Private collection, US (acquired from the above in 1979).
Sale: Phillips, New York, Unbound: Online Only, October 30, 2018, Lot 21.
Acquired from the above by the present owner.

Exhibited
Birmingham, Michigan, Susanne Hilberry Gallery, Ron Gorchov: Recent Paintings, May 21 - June 18, 1977.



In 1975 and 1977, Ron Gorchov was selected for consecutive Whitney Biennials. It was a significant moment for the artist, coming nearly a decade after he produced his first curved canvas, Mine, in 1968. An epiphanic painting, his sculptural turn was the culmination of years of study and experimentation, achieving a unity of forces in his mature work that emerged fully in the 1970s. Presented here is Gorchov's Music, from 1976; an arching canvas of richly tropical-blue, broken by two eyelets of blackened pigment. Imposing Abstract Expressionist subjectivity upon the tensegrity structures of Buckminster Fuller, his paintings were unlike anything produced before. As Roberta Smith commented in 2005, the late 1970s were when Gorchov was "most visible [...] when he started pushing American abstract painting away from Minimalist austerity toward something more explicitly expressionistic" (Roberta Smith, 'Art in Review: Ron Gorchov,' New York Times, June 10, 2005, Online).

Gorchov speaks in a vocabulary of minimalism, yet the painting rebuffs any reading of it in purely formalist terms. Like the comparable 1974 work, Comet, that resides in the collection of the Museum of Modern Art, New York, and Untitled #3 at The Metropolitan Museum of Art, the psychological undertones of the twin composition in the present work are abundant. Read as an interpretation of our binocular vision – the two 'holes' through which we glimpse the veil of reality – Music presents as a kind of mask or face returning an inspecting gaze back at the spectator; others have likened these vertically-oriented works to warrior's shields. In the elegant and restrained compositions of these large format works from the 1970s, the pair of flat 'eyes' exhibit characteristics not wholly unlike a Rorschach inkblot test, testing the spectator with an imaginative visual scheme.
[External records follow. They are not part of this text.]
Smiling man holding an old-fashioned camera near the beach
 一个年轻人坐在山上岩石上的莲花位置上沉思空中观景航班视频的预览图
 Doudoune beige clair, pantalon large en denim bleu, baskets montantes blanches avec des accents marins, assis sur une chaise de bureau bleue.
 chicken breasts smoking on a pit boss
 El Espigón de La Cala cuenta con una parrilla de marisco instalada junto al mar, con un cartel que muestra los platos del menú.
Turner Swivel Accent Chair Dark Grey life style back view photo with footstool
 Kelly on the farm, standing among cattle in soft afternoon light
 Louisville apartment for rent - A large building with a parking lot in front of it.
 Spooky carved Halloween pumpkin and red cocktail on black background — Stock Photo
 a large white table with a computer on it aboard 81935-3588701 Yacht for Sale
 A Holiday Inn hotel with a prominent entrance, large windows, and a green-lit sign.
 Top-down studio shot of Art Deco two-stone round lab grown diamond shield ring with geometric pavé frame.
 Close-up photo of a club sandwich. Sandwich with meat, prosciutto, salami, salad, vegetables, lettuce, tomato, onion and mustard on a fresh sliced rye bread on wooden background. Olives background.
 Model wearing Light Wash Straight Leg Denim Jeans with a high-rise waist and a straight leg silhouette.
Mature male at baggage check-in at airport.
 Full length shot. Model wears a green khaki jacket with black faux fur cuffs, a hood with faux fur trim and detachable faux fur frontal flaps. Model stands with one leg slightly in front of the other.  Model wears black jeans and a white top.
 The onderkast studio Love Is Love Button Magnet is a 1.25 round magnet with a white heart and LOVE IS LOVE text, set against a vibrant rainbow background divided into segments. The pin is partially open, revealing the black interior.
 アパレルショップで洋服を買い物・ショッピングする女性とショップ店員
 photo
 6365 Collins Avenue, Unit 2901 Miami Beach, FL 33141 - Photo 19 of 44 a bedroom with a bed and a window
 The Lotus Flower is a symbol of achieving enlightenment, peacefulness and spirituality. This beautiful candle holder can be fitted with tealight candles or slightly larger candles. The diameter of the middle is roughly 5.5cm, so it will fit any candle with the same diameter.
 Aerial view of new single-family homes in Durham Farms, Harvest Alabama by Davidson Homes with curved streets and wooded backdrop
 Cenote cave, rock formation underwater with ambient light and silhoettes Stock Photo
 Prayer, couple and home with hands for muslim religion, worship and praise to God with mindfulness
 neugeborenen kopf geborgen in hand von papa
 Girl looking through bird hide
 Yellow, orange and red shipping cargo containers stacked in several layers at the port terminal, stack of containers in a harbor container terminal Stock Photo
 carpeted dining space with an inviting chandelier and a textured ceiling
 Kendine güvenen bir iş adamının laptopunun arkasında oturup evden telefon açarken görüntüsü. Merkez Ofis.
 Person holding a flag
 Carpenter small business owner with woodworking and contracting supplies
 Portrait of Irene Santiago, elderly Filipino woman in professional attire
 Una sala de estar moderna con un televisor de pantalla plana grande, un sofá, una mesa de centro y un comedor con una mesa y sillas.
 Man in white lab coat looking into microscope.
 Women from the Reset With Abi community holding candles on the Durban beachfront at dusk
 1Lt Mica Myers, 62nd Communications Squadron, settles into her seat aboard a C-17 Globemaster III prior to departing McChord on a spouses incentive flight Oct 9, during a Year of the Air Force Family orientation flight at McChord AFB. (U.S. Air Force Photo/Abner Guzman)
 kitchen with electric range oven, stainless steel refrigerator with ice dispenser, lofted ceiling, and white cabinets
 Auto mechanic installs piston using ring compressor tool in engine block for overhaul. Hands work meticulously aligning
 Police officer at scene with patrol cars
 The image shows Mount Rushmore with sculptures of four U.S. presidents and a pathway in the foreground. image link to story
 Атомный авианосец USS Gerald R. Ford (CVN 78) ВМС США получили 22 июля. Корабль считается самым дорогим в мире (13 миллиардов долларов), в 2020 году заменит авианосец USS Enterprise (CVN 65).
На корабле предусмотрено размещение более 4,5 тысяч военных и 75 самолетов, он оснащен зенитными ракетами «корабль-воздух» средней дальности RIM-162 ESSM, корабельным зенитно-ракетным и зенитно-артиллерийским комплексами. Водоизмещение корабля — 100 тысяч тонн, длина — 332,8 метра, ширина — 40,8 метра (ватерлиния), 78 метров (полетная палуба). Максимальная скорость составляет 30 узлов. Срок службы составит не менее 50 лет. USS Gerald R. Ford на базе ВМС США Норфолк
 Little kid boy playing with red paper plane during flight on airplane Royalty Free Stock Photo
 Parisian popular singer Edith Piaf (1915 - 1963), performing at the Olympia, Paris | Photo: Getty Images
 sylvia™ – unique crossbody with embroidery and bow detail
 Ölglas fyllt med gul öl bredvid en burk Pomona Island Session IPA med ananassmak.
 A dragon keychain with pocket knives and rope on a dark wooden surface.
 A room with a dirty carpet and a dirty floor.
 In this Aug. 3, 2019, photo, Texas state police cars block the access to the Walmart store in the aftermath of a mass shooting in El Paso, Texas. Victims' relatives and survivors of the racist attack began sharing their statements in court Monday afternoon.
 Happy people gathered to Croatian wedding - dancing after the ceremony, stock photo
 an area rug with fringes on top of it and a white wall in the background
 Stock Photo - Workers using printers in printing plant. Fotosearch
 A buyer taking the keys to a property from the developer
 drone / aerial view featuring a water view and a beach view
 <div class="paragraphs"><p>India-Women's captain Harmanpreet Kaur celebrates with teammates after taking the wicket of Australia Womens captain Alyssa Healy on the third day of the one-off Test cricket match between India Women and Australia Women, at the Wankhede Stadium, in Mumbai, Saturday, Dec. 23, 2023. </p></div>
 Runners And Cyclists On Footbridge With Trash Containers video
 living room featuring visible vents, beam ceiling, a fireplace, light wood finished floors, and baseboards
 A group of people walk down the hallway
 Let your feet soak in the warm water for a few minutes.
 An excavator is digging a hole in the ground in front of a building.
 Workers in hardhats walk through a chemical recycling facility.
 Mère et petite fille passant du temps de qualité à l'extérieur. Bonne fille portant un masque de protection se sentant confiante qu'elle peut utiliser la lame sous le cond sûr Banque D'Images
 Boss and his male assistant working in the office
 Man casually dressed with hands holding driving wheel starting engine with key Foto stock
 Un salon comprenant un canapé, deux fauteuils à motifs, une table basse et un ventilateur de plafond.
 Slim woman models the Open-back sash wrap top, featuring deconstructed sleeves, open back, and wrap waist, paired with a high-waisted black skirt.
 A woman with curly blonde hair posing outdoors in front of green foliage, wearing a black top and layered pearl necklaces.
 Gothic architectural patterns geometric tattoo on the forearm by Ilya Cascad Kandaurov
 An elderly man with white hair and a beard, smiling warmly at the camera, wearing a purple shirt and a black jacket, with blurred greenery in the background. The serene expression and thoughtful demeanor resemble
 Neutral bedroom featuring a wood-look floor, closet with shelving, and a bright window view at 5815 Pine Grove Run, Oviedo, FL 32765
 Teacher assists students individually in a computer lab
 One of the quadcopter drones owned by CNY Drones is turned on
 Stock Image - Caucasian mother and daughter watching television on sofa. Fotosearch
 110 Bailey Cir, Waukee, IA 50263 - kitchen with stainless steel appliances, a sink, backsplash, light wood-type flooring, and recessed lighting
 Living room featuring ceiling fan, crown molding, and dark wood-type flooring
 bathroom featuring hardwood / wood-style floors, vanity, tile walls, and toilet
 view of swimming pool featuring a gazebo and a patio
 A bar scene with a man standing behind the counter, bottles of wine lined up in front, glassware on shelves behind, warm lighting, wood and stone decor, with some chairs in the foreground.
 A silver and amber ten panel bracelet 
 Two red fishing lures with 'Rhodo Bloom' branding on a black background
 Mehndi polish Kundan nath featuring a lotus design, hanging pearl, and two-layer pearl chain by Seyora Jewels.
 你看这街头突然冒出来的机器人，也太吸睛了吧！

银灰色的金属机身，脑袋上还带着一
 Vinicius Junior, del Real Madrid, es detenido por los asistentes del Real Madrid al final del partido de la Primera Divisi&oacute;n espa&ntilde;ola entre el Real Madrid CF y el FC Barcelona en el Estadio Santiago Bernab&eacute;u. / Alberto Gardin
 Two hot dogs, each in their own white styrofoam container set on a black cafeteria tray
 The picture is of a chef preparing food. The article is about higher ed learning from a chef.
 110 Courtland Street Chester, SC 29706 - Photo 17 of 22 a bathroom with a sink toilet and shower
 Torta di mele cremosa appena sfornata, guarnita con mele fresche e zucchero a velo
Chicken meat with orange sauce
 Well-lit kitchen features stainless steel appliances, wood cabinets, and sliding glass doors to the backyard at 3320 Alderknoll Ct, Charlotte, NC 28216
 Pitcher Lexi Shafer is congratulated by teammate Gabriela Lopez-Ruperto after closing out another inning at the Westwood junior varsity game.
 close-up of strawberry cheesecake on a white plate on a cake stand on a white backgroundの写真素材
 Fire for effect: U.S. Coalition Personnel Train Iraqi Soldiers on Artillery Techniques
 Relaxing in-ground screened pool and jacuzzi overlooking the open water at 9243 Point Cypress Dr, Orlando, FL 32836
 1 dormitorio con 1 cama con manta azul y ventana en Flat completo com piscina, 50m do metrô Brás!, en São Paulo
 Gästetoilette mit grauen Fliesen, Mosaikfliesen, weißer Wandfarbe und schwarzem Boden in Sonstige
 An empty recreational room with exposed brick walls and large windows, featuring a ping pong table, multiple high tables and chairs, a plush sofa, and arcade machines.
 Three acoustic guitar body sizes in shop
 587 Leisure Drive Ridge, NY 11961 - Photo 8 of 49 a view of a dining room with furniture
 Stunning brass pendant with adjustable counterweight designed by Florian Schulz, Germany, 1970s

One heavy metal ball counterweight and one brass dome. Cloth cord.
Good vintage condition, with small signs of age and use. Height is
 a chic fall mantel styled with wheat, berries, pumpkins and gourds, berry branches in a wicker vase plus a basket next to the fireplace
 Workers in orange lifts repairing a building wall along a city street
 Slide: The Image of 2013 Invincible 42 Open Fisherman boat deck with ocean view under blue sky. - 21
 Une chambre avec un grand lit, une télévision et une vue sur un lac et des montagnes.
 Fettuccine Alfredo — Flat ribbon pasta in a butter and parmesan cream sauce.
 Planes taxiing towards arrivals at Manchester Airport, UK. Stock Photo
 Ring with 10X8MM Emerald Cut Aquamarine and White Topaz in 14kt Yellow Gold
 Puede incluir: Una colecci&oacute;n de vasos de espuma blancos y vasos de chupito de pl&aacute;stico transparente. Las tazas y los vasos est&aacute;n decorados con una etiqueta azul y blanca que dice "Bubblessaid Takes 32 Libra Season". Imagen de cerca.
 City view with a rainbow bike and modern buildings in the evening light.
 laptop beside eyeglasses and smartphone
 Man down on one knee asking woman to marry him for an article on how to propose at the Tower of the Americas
It is this slippery, undefinable quality that bestows a thrilling sense of presence upon Gorchov's canvases, and Music in particular.

Successfully navigating the mystified space between painting and sculpture, Gorchov's iconic hyperbolic paraboloid canvases are monolithic. Their shape, seeming to conform to our ocularly sense, at once envelops us and falls away from our plane of vision. Whilst his work might be most simply associated with that of Frank Stella, Kenneth Noland, or Ellsworth Kelly, artists for whom color, form and line had a relational quality that was intrinsic to the work of art, Gorchov's canvases deviated from formalist rule. In their impinging presence and organic compositions there is an undeniable humanism at their core, representing a spiritual break from the hard-edged rigor of his peers. Perhaps the closest equivalent to Gorchov's work is the early paintings of Donald Judd, who himself was wrestling to extrapolate painting through sheer sculptural force, ultimately disengaging from specific painterly concerns by 1963. As Judd noted in a statement published in Art in America in July 1967, "a form that's neither geometric nor organic would be a great discovery" (Donald Judd in "Homage to the Square," Art in America, July/August 1967). With Gorchov's 1968 breakthrough and subsequent refinement of this novel painterly form through the 1970s, he had arguably achieved what Judd could not.

Coming from an immensely significant period of output and prominence for the artist, therefore, Music is an exceptional example of Gorchov's famed curved canvases from this key first decade of his mature career.